• [TRY IT]: Go through the listing below and write out exactly the lines from the one that mentions "JAPANESE MEIJI PERIOD" through the one that mentions "Rendezvous Soundtrack (2020) cover", minus the pictures.

• [RAW DATA]:
BEGIN
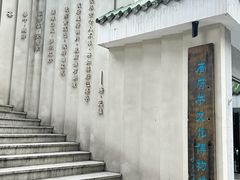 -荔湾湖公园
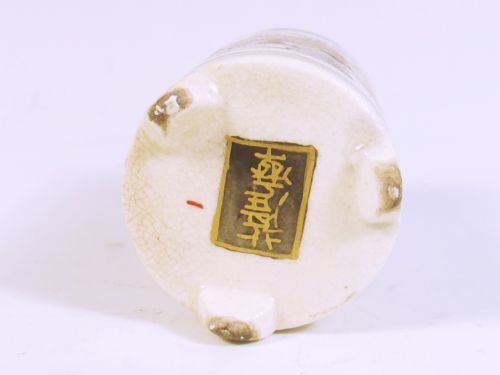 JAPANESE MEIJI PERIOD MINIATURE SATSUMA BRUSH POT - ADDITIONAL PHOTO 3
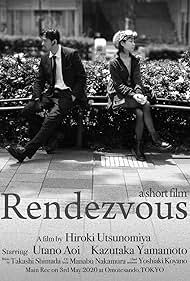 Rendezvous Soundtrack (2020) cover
END
BEGIN
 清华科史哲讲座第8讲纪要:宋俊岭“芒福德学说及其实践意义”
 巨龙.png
END
BEGIN
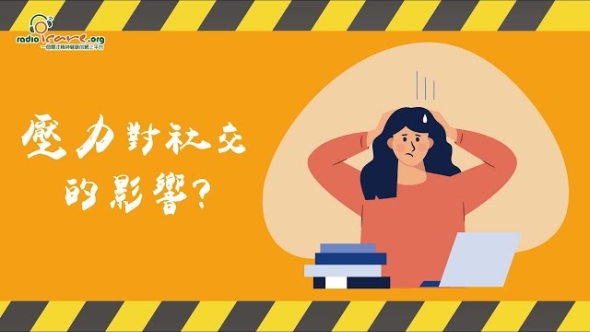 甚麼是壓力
END
• [TASK SOLUTION]:
 JAPANESE MEIJI PERIOD MINIATURE SATSUMA BRUSH POT - ADDITIONAL PHOTO 3
 Rendezvous Soundtrack (2020) cover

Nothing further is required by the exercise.